[Items listed in a dataset]
>>>>>

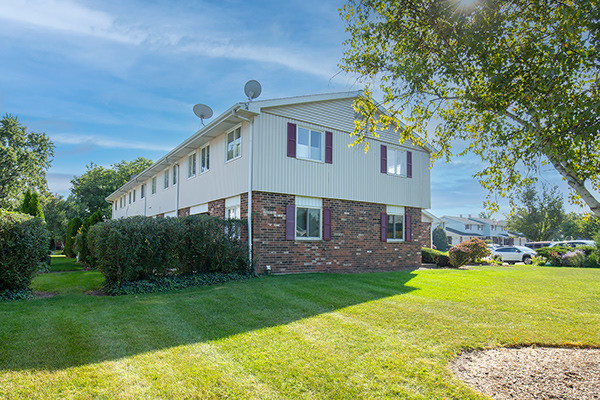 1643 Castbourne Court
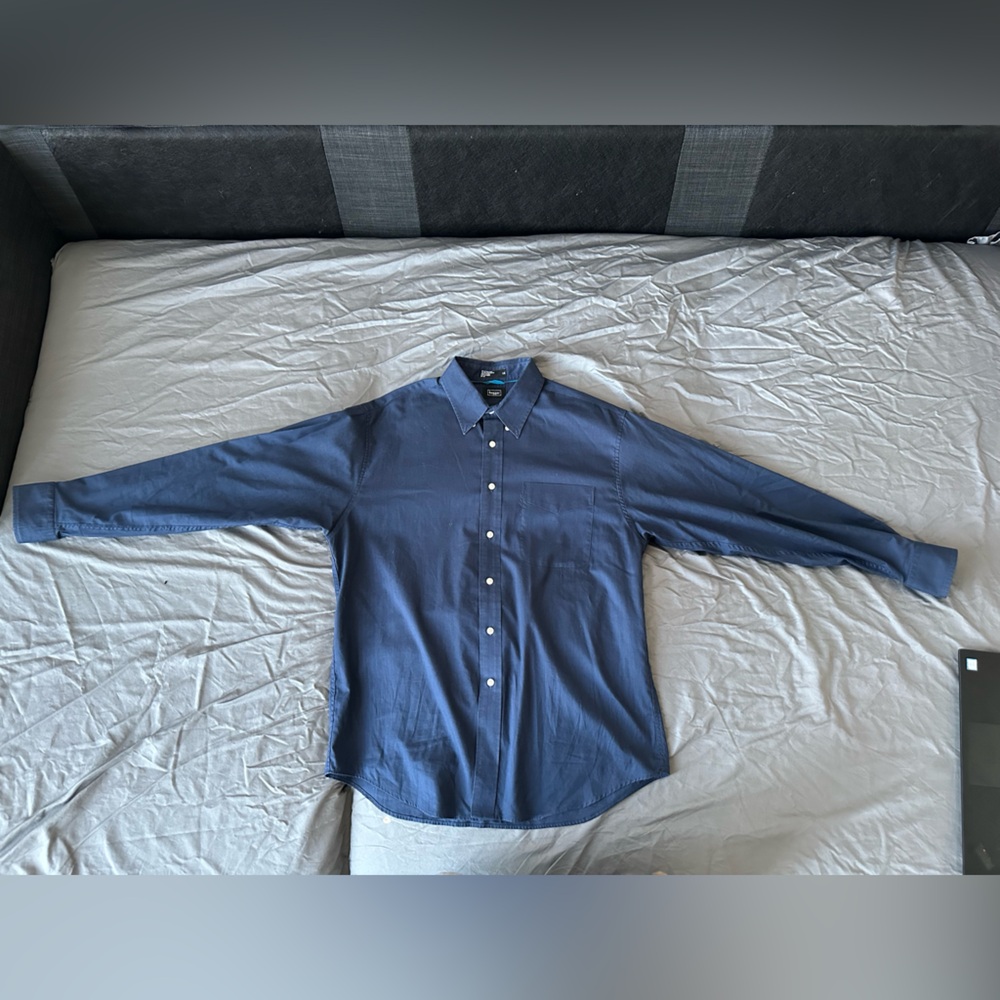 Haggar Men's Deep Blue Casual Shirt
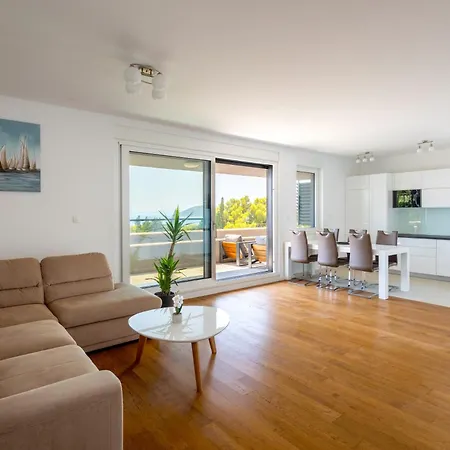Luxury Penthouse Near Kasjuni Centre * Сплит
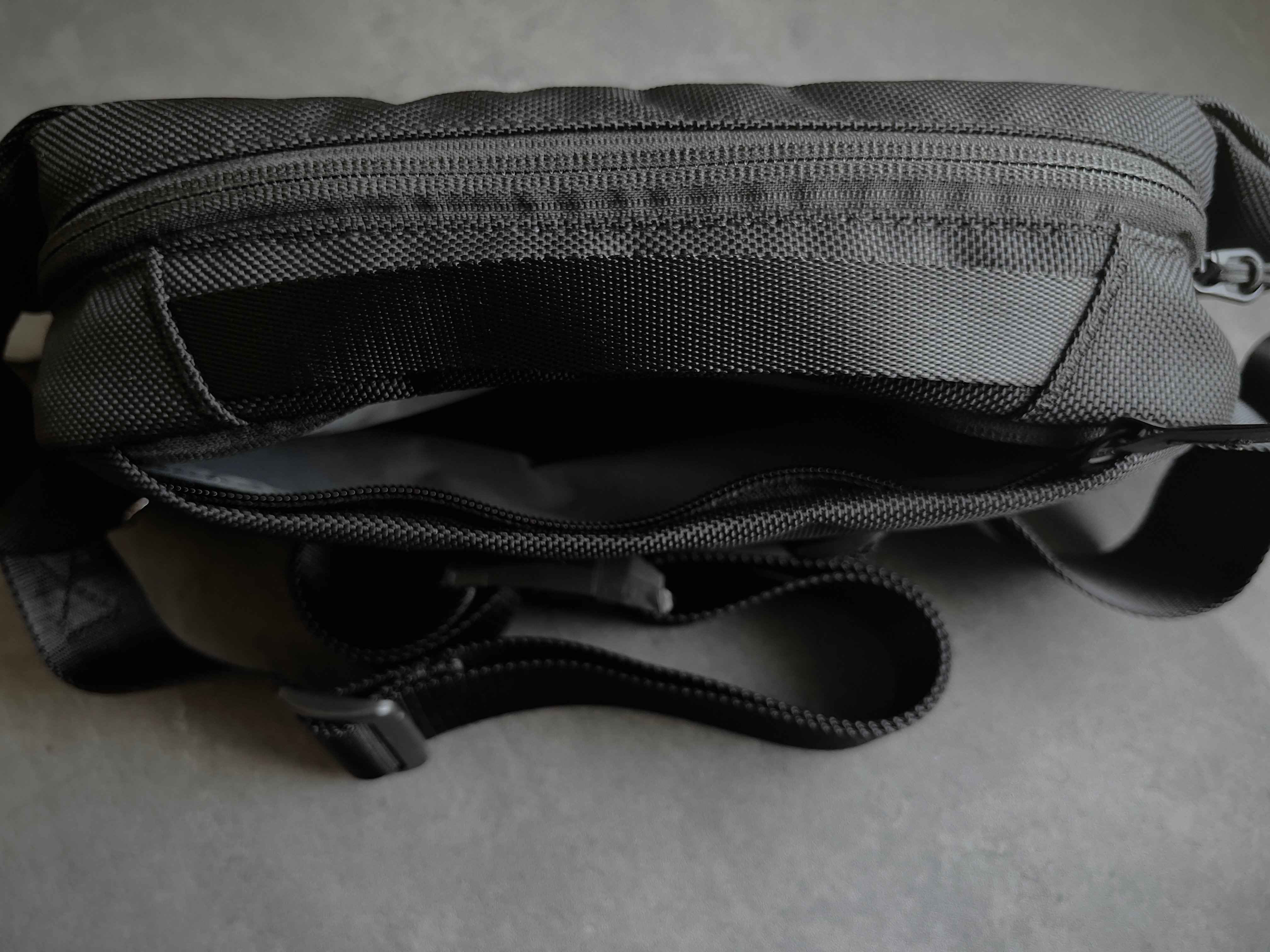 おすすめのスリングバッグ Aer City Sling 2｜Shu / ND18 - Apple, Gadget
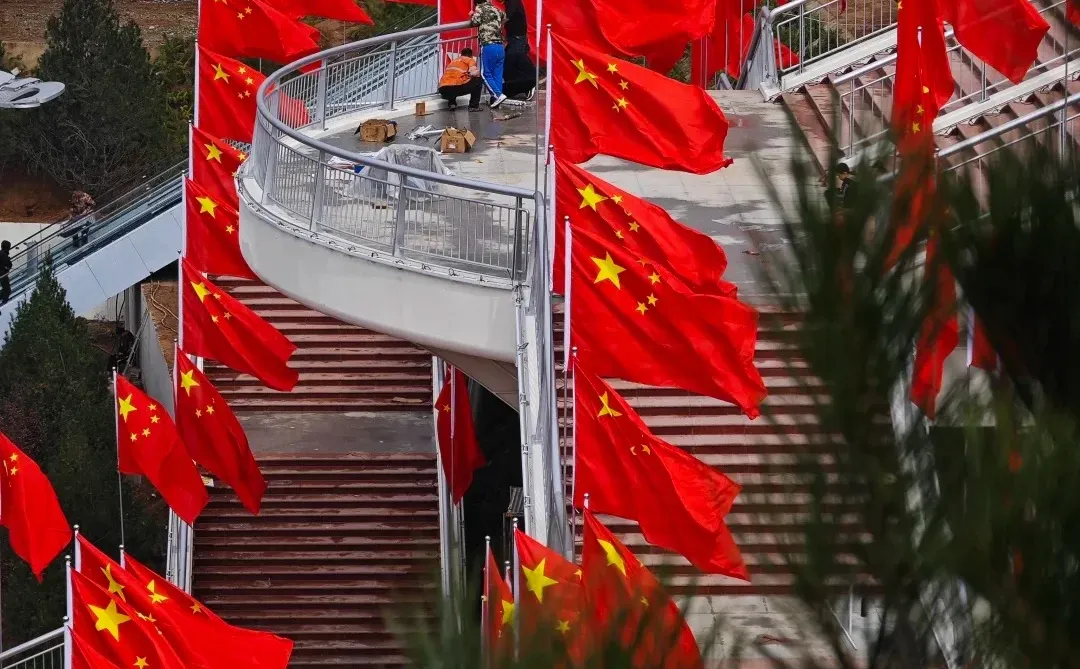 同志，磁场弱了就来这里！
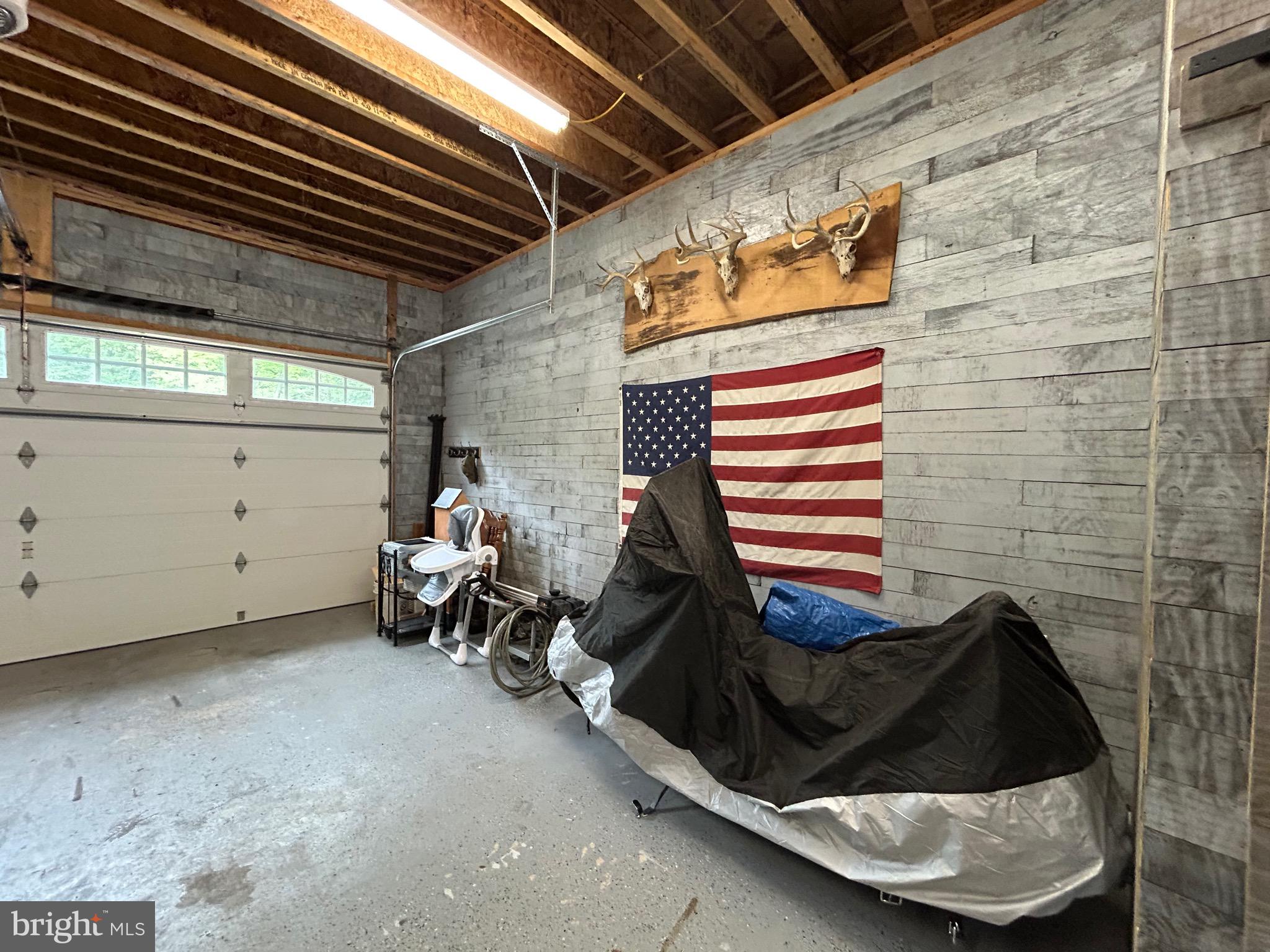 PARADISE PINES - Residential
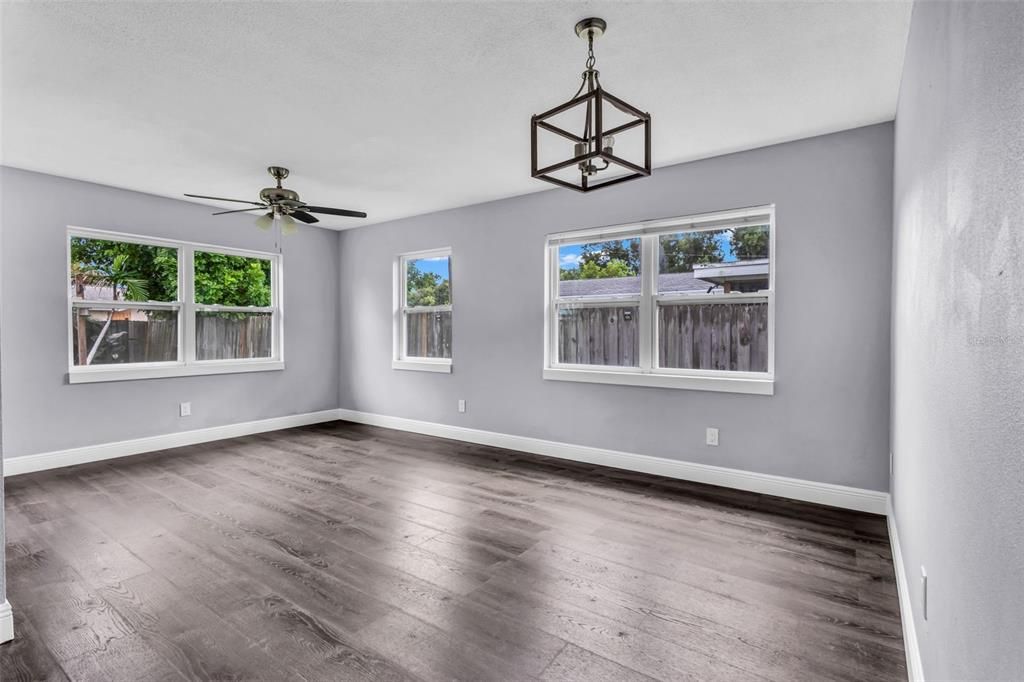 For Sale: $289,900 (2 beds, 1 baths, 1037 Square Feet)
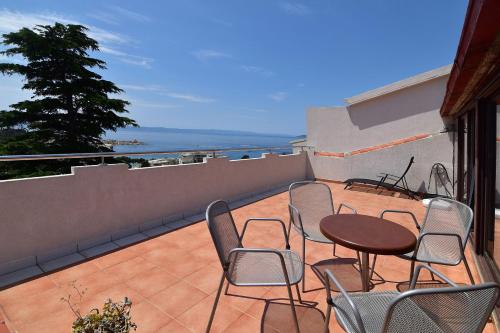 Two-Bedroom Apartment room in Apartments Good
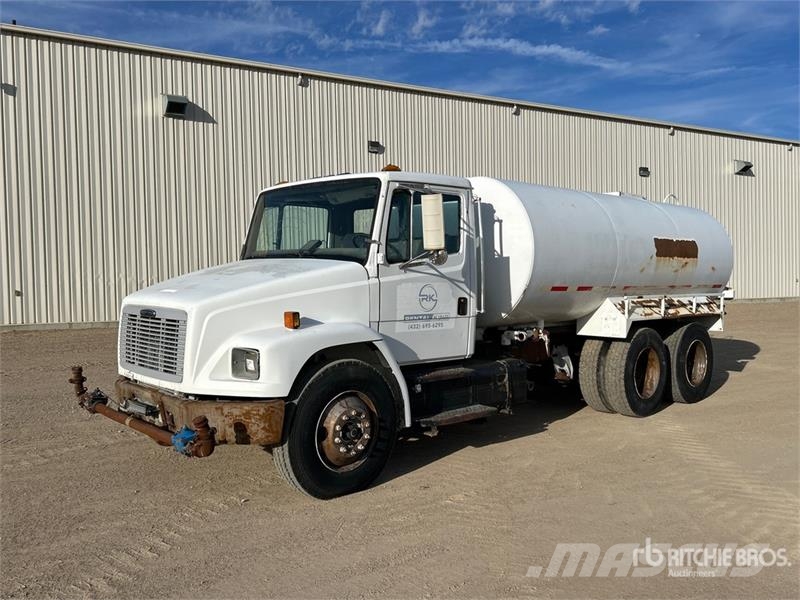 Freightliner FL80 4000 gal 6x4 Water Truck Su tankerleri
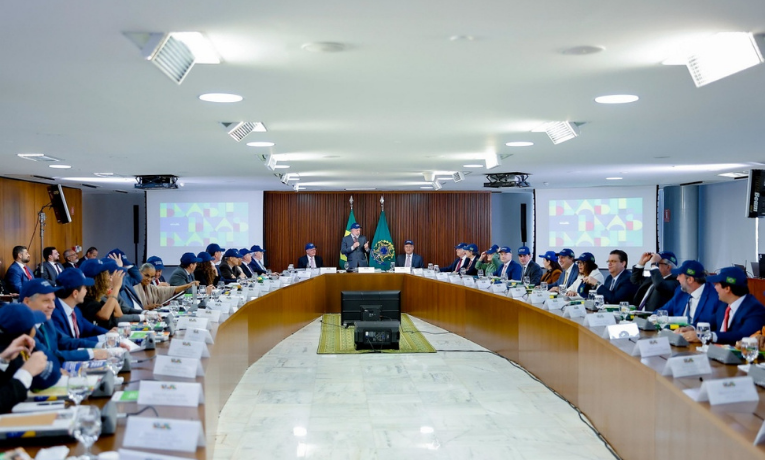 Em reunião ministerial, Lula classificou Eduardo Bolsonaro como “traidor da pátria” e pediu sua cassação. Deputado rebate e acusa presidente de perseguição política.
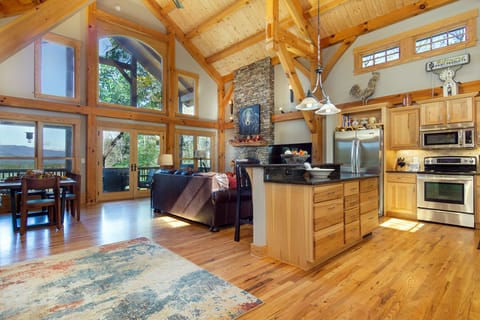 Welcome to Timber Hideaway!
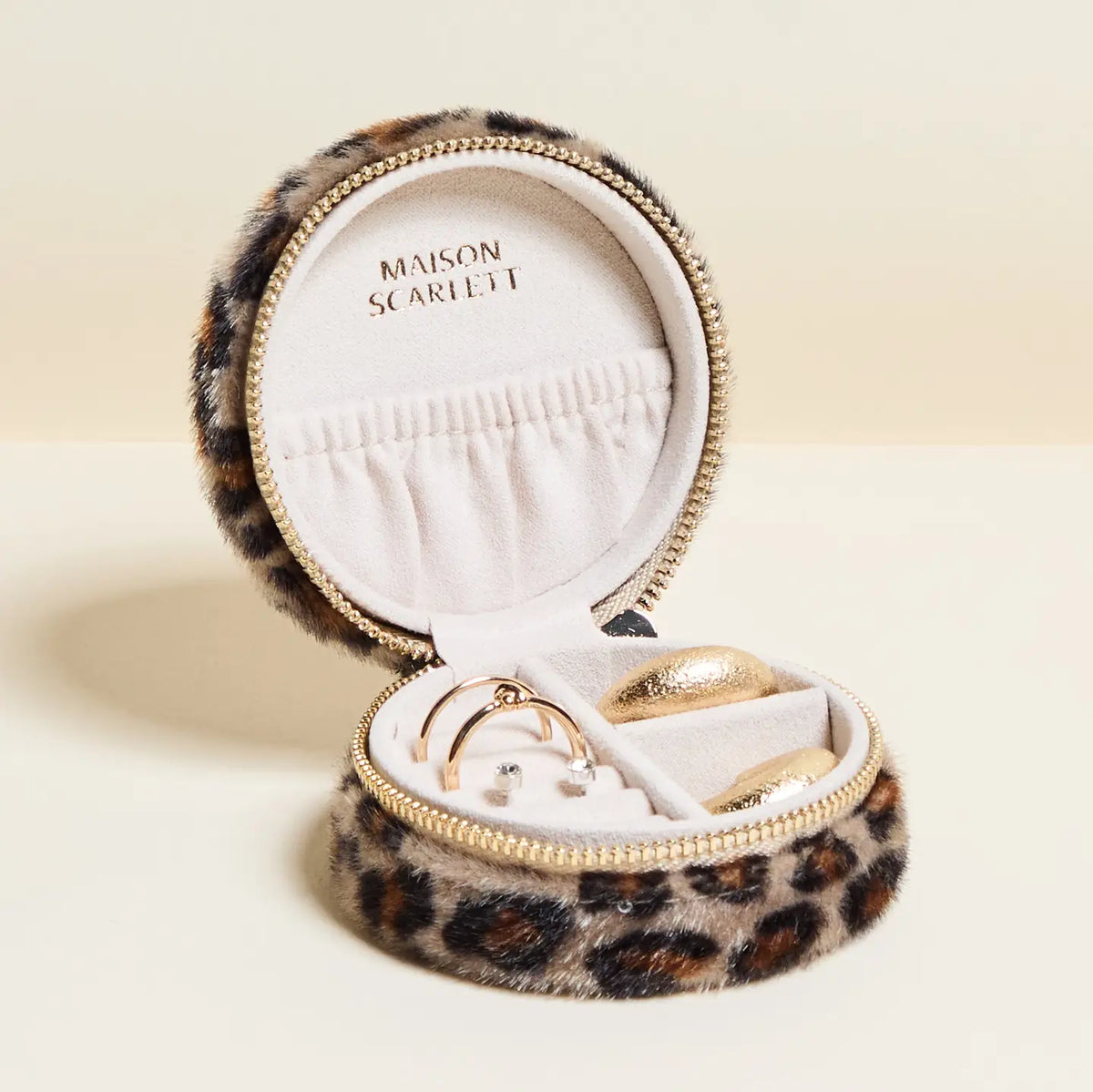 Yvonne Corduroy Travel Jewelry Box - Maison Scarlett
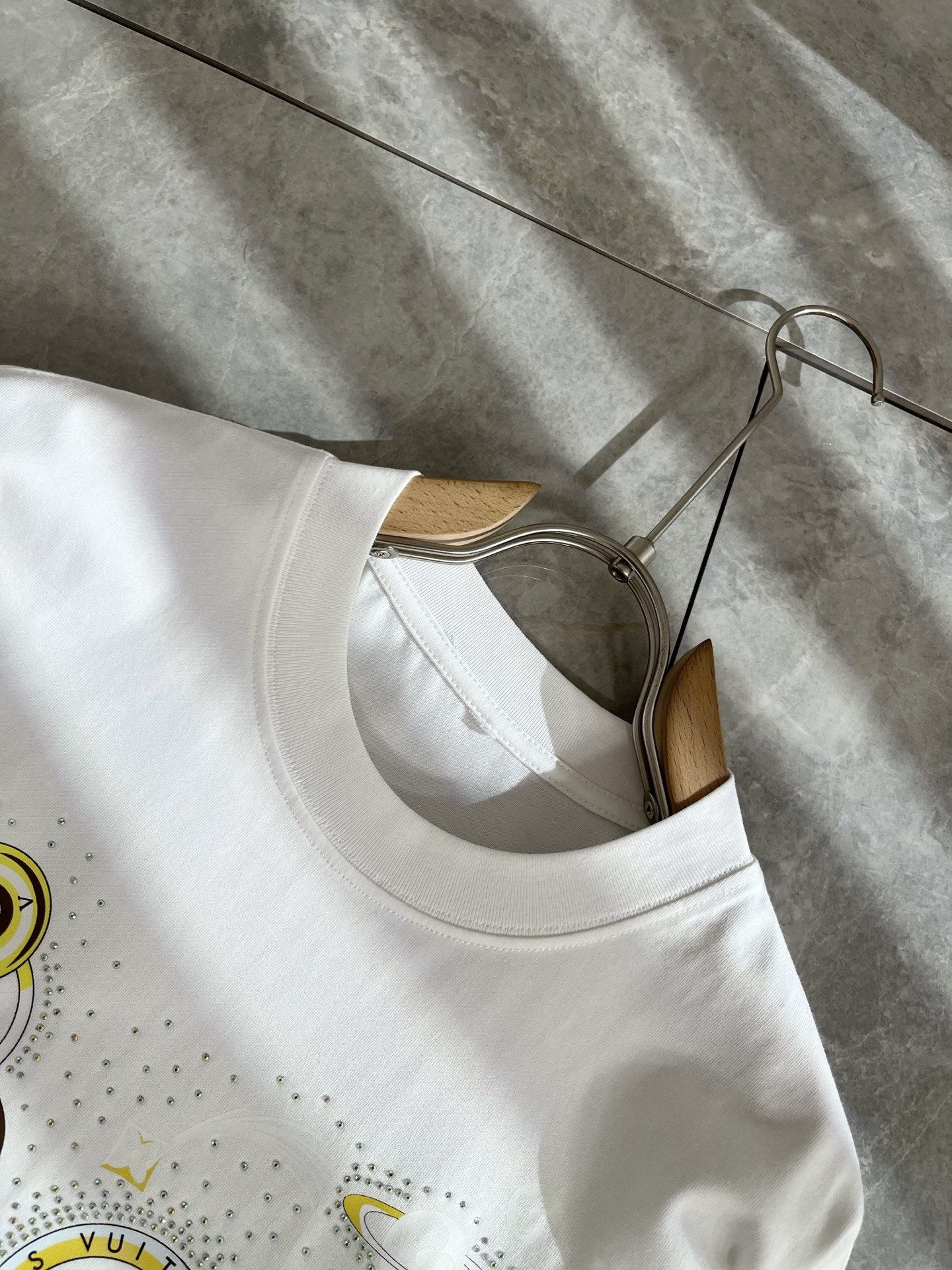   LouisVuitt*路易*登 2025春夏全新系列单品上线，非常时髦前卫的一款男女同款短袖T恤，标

<<<<<

Exercise aim =>
The entries are to be restated word for word, and no picture should appear in the copy.

Solution to this exercise =>
 1643 Castbourne Court
 Haggar Men's Deep Blue Casual Shirt
Luxury Penthouse Near Kasjuni Centre * Сплит
 おすすめのスリングバッグ Aer City Sling 2｜Shu / ND18 - Apple, Gadget
 同志，磁场弱了就来这里！
 PARADISE PINES - Residential
 For Sale: $289,900 (2 beds, 1 baths, 1037 Square Feet)
 Two-Bedroom Apartment room in Apartments Good
 Freightliner FL80 4000 gal 6x4 Water Truck Su tankerleri
 Em reunião ministerial, Lula classificou Eduardo Bolsonaro como “traidor da pátria” e pediu sua cassação. Deputado rebate e acusa presidente de perseguição política.
 Welcome to Timber Hideaway!
 Yvonne Corduroy Travel Jewelry Box - Maison Scarlett
   LouisVuitt*路易*登 2025春夏全新系列单品上线，非常时髦前卫的一款男女同款短袖T恤，标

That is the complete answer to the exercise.